Automatic Sleep Stage Classification Based on Convolutional Neural Network and Fine-Grained Segments

Abstract

Sleep stage classification plays an important role in the diagnosis of sleep-related diseases. However, traditional automatic sleep stage classification is quite challenging because of the complexity associated with the establishment of mathematical models and the extraction of handcrafted features. In addition, the rapid fluctuations between sleep stages often result in blurry feature extraction, which might lead to an inaccurate assessment of electroencephalography (EEG) sleep stages. Hence, we propose an automatic sleep stage classification method based on a convolutional neural network (CNN) combined with the fine-grained segment in multiscale entropy. First, we define every 30 seconds of the multichannel EEG signal as a segment. Then, we construct an input time series based on the fine-grained segments, which means that the posterior and current segments are reorganized as an input containing several segments and the size of the time series is decided based on the scale chosen depending on the fine-grained segments.
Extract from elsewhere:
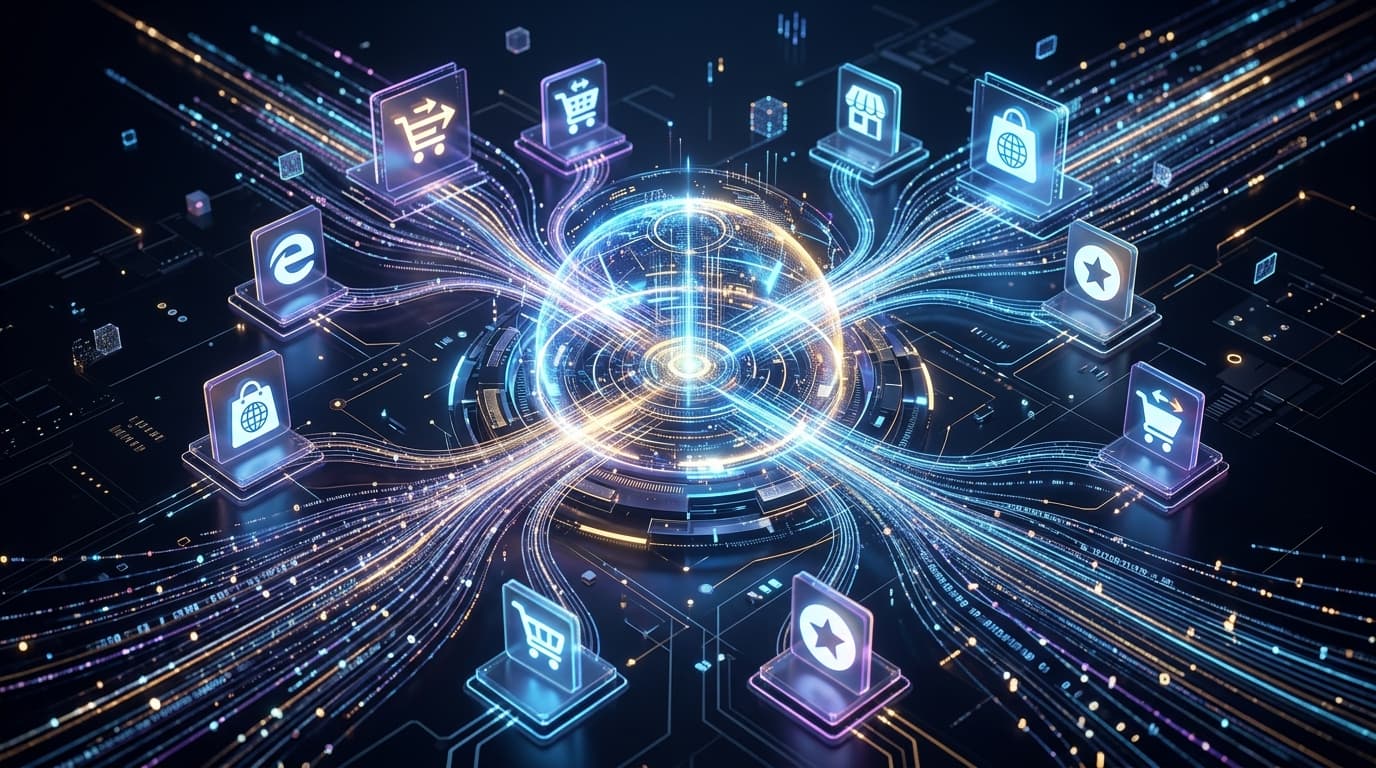 Digital visualization of interconnected data streams feeding into a central algorithm core, with stylized e-commerce platform logos in the background, symbolizing advanced product feed optimization.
Next, each segment in this series is individually put into the designed CNN and feature maps are obtained after two blocks of convolution and max-pooling as well as a full-connected operation. Finally, the results from the full-connected layer of each segment in the input time sequence are put into the softmax classifier together to get a single most likely sleep stage. On a public dataset called ISRUC-Sleep, the average accuracy of our proposed method is 92.2%. Moreover, it yields an accuracy of 90%, 86%, 93%, 97%, and 90% for stage W, stage N1, stage N2, stage N3, and stage REM, respectively. Comparative analysis of performance suggests that the proposed method is better, as opposed to that of several state-of-the-art ones. The sleep stage classification methods based on CNN and the fine-grained segments really improve a key step in the study of sleep disorders and expedite sleep research.